The Garden of Ninfa is a landscape garden in the territory of Cisterna di Latina, in the province of Latina, central Italy. The park has an area of 105 hectares (260 acres), and is an Italian natural monument.[1] The landscape garden within the park comprises 8 hectares (20 acres) and contains medieval ruins, several oaks, cypresses and poplars, grassy meadows, a wide range of exotic plants from various parts of the world, numerous watercourses and a large variety of rambling roses growing over the stone walls of the ruins. The site is run by the Italian foundation Fondazione Roffredo Caetani. It is open to the public at set times from April to November. Nearby towns include Norma and Sermoneta. Ninfa has been described as "the most romantic garden in the world".

History[edit]

View from the lake
View of the park
Church of Santa Maria Maggiore: ruins with traces of frescoes
The river Ninfa

The garden includes the ruins of the ancient settlement of Ninfa, whose name seems to derive from a classical era nymphaeum, a temple dedicated to nymphs, located on an island in the small lake; nymphs were believed to dwell in mountains and groves, by springs and rivers, and also in trees and in valleys and cool grottoes.[2] According to Charles Quest-Ritson's book Ninfa: The Most Romantic Garden in the World, the Gardens of Ninfa's first documented evidence is from Pliny the Younger, who described a temple on the premises dedicated to water nymphs.[3]

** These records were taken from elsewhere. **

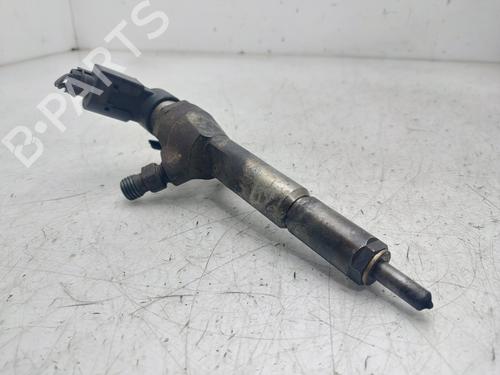 Injector FORD TOURNEO CONNECT 1.8 TDCi | BP30339558M100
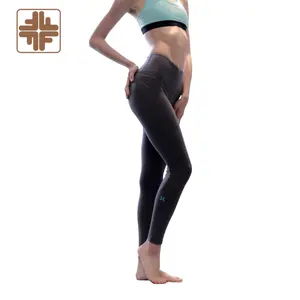 adviicd Petite Yoga Pants For Women Plus Size Yoga Pants For Women Women's  High Waist Active Wear longs Yoga Leggings, Tummy Control Workout longs Side  Pockets Running Pants Grey S 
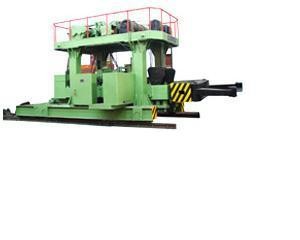Buy cheap T31-1 forging manipulator product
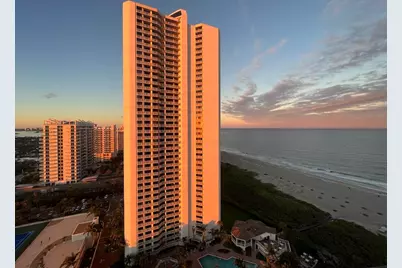 2800 N Ocean Drive #B-23c, Singer Island, FL 33404 - Photo 36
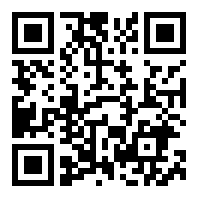 房地产公司模板,网页模板,网站模板素材下载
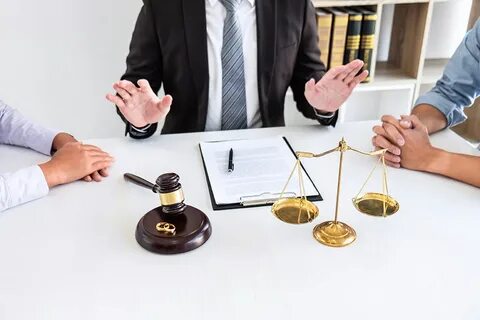 Best Divorce Lawyers Melbourne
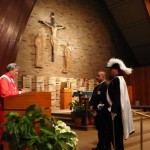 2013-14officers (27)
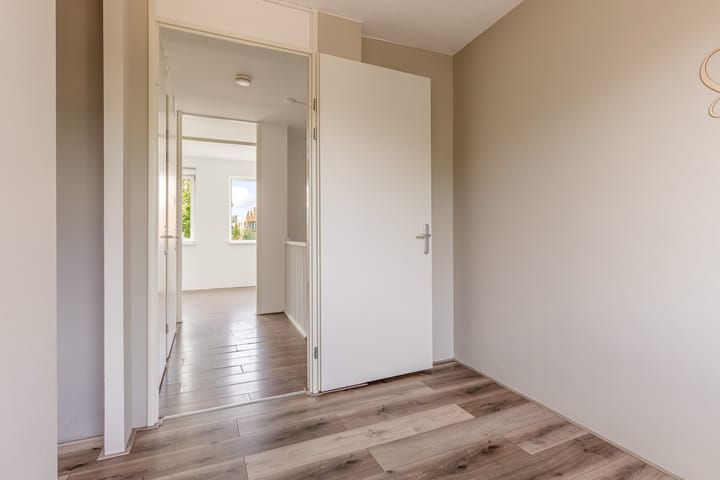 Foto 23 van Roald Amundsenstraat 158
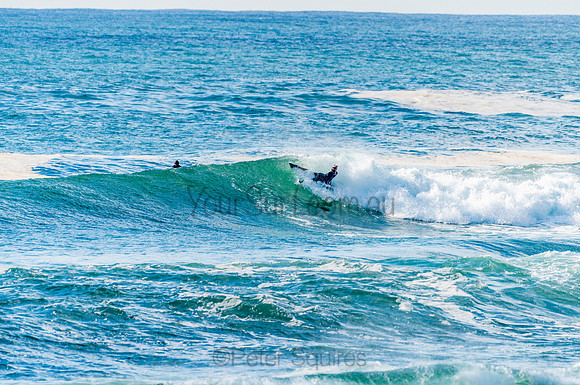 Avalon_201028_08.12.01_0196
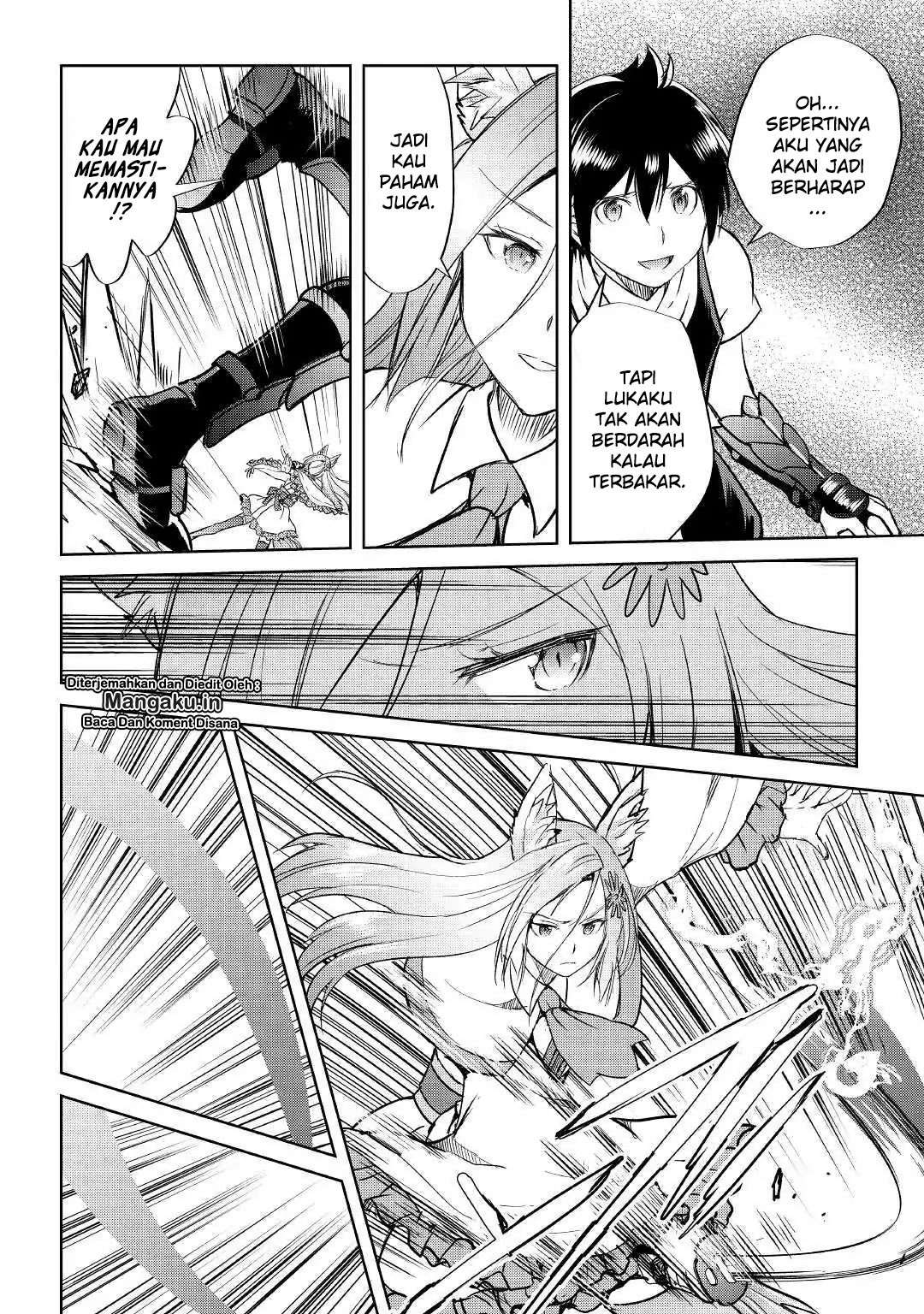 Chapter 39 - halaman 7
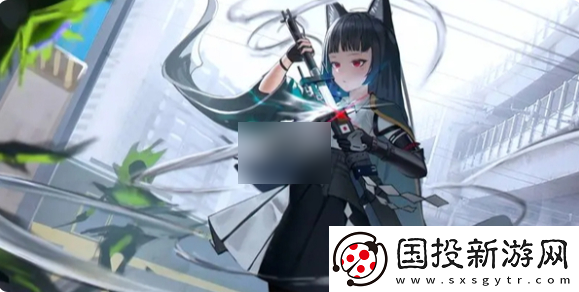 【账号绑定】绝区零贪吃蛇键位怎么改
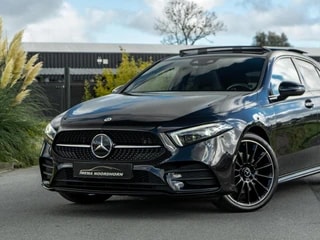 Thumbnail Mobil 4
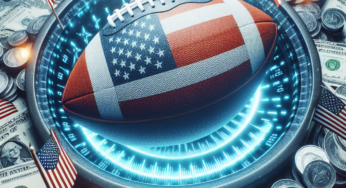 How Much Soccer Will the United States See in the Next Two Years?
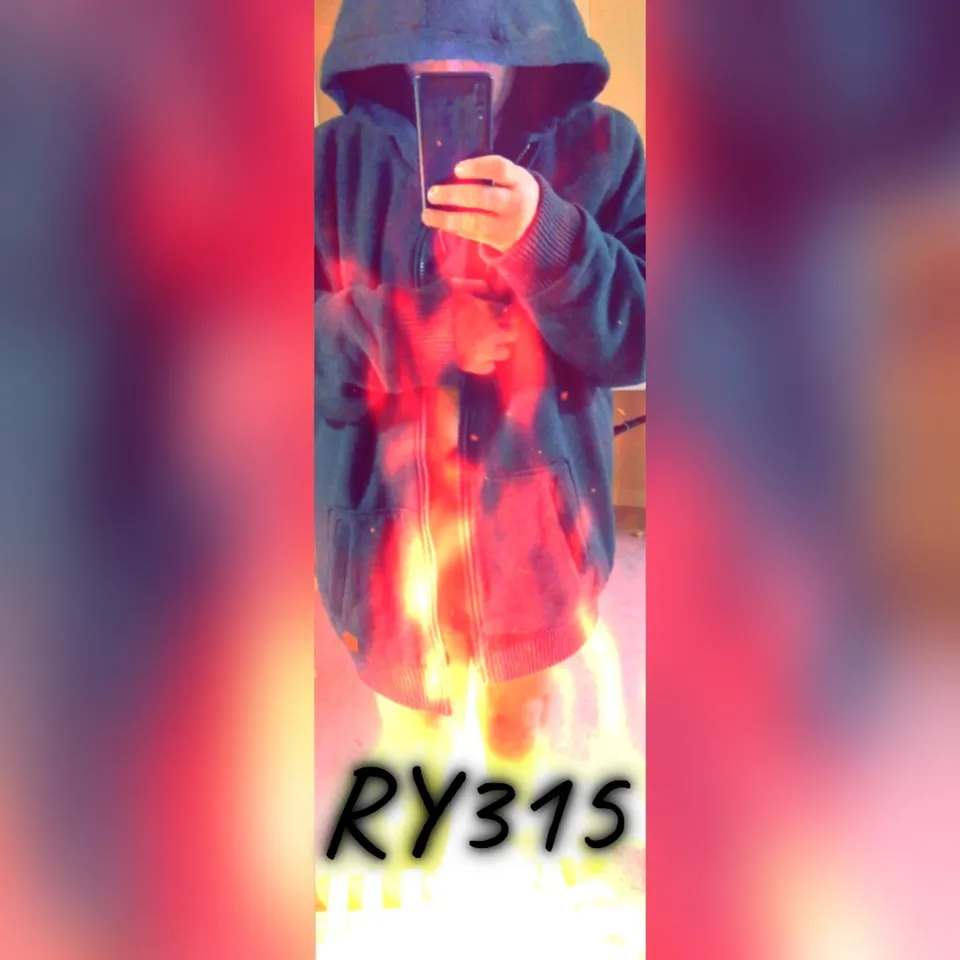 Ry315 OnlyFans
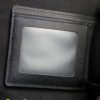 Portefeuille GUCCI Bifold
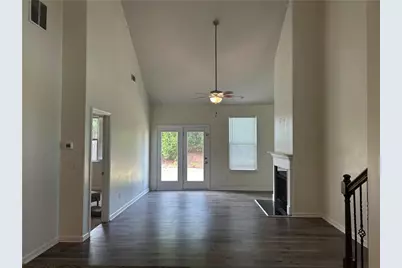 3893 Prospect Point Drive, Gillsville, GA 30566 - Photo 7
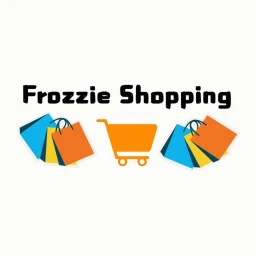Frozzie Shopping V4! icon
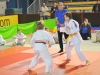 2. kolo MŠJ 181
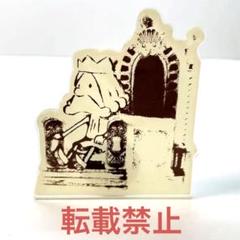 2025年最新】bump of chicken ニコル アクリルスタンドの人気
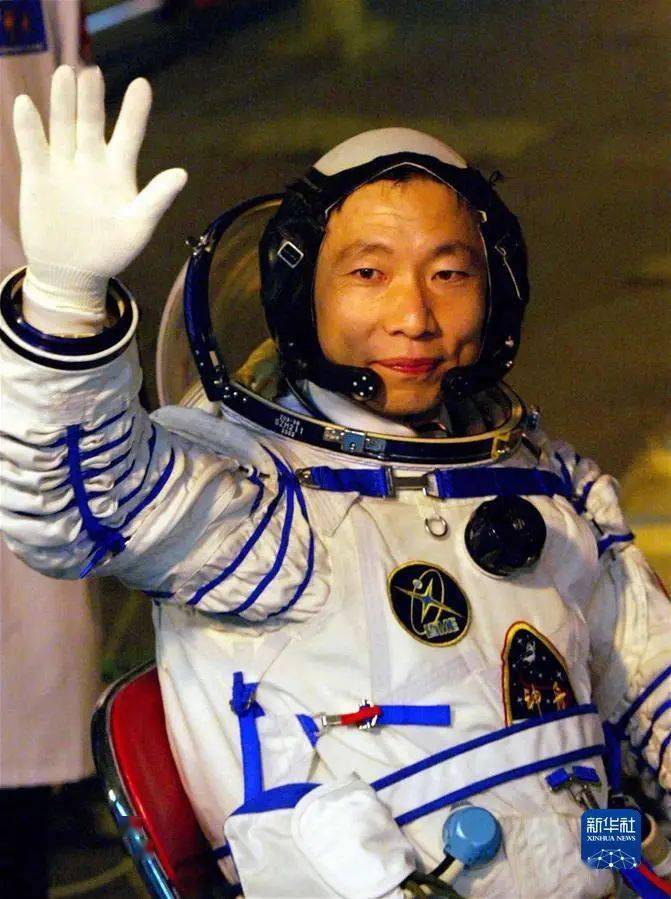 “我们对天空的探索永无止境”——第三届民航科教创新成果展一线观察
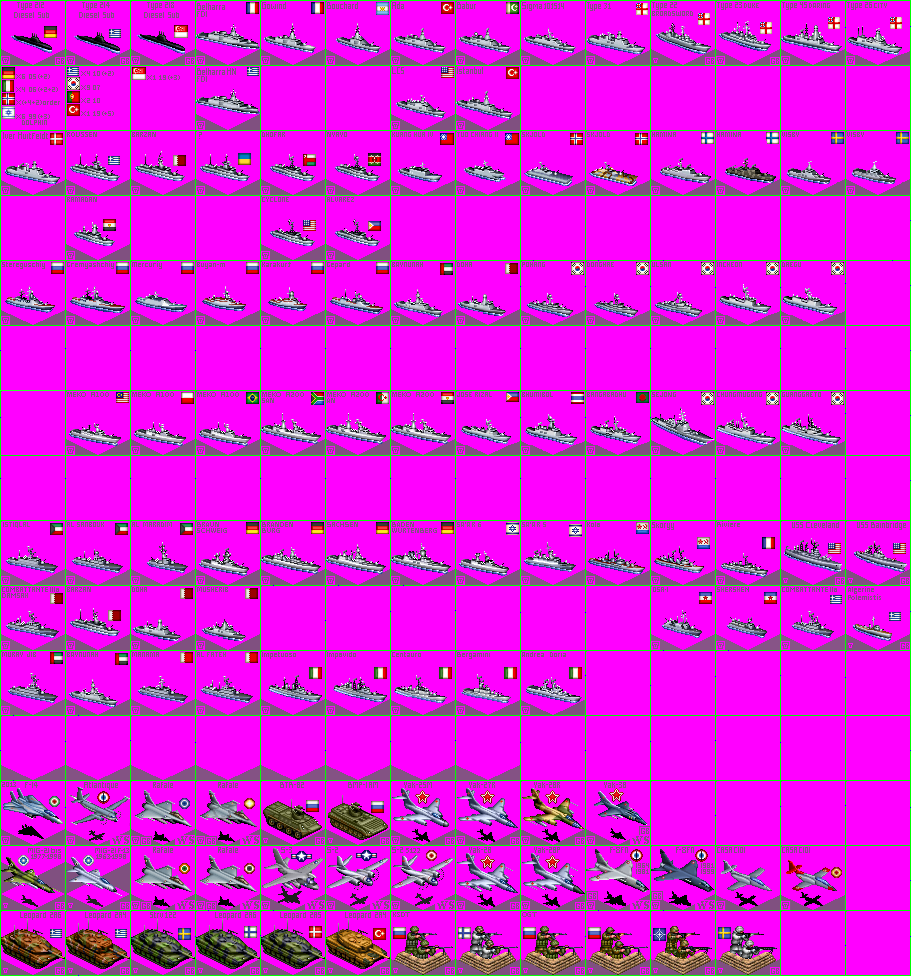 Click image for larger version

Name:	Tanelorn Modern spritedump poly.png
Views:	219
Size:	231.5 KB
ID:	9428707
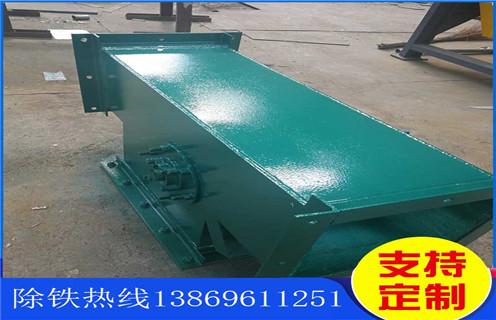 管道除鐵器，云南除鐵設(shè)備管道除鐵器_內(nèi)部構(gòu)造_云南除鐵設(shè)備管道除鐵器哪家好_使用方法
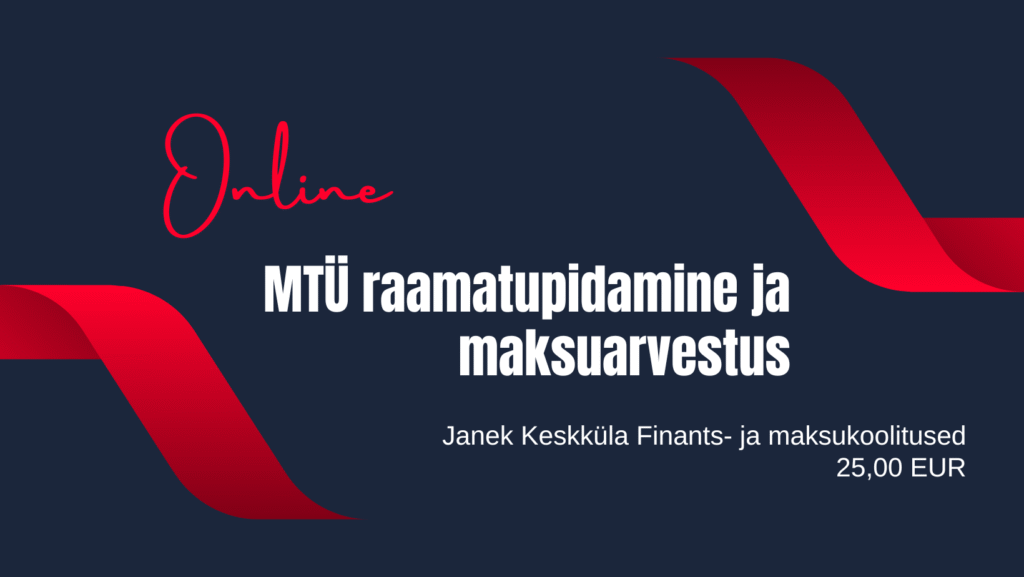 red and black gradient online business meeting facebook cover (32)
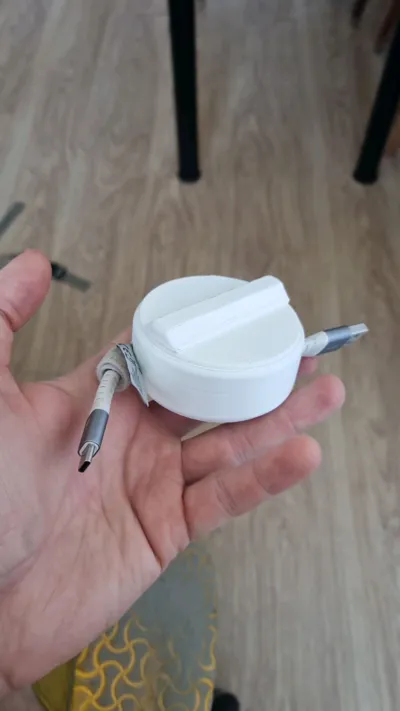 https://makerworld.bblmw.com/makerworld/model/553595/472165/ratings/2865d0c0-0e27-11f0-b7c4-71b63e05a7c1.jpg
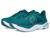 color Teal/White 2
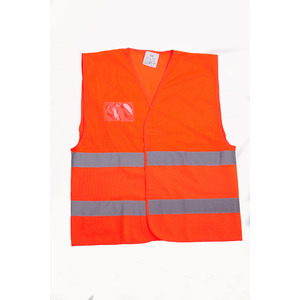 Product_3.0354-orange-hi-viz-waistcoat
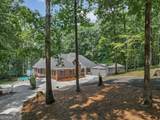 75 Waters Edge Lane - Photo 1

The village already existed in the Roman era as a small village in an agricultural area.[4] It was perhaps founded by the Volscians at the feet of the Monti Lepini. In the Middle Ages it was a rich town on the Appian Way. In 1159, Pope Alexander III was crowned there. In 1171 the Holy Roman Emperor Frederick Barbarossa sacked and burned it, after the Pope, his enemy, had taken refuge in the town.[5]

During the Middle Ages Ninfa had more than 150 houses, several churches, mills, bridges, two hospices, a castle and a town hall. The town was encircled by a defensive wall 1,400 metres (1,500 yd) in length with guard towers.[6]

The castle was built in the 12th century, located near the lake, outside the city walls. Santa Maria Maggiore was the town's primary church[7] and was most likely built from the 10th century and widened in the first half of the 12th century.

The Church of Saint John is dated around the 11th century and is now in ruins. The original structure most likely had a single nave with several lateral chapels and a semicircular apse, of which parts remain. Some traces of frescoes are still visible on the walls of the ruins.[5]

In the 16th century Ninfa was repopulated by its inhabitants, under the seigniory of the Caetani. Cardinal Nicolò III Caetani ordered the architect Francesco Perugino to build a garden in the area of Ninfa, but this garden fell into decay soon after the Cardinal's death in 1585. During the 17th century it was gradually deserted[7] due to the expansion of the surrounding marshes and the arrival of malaria.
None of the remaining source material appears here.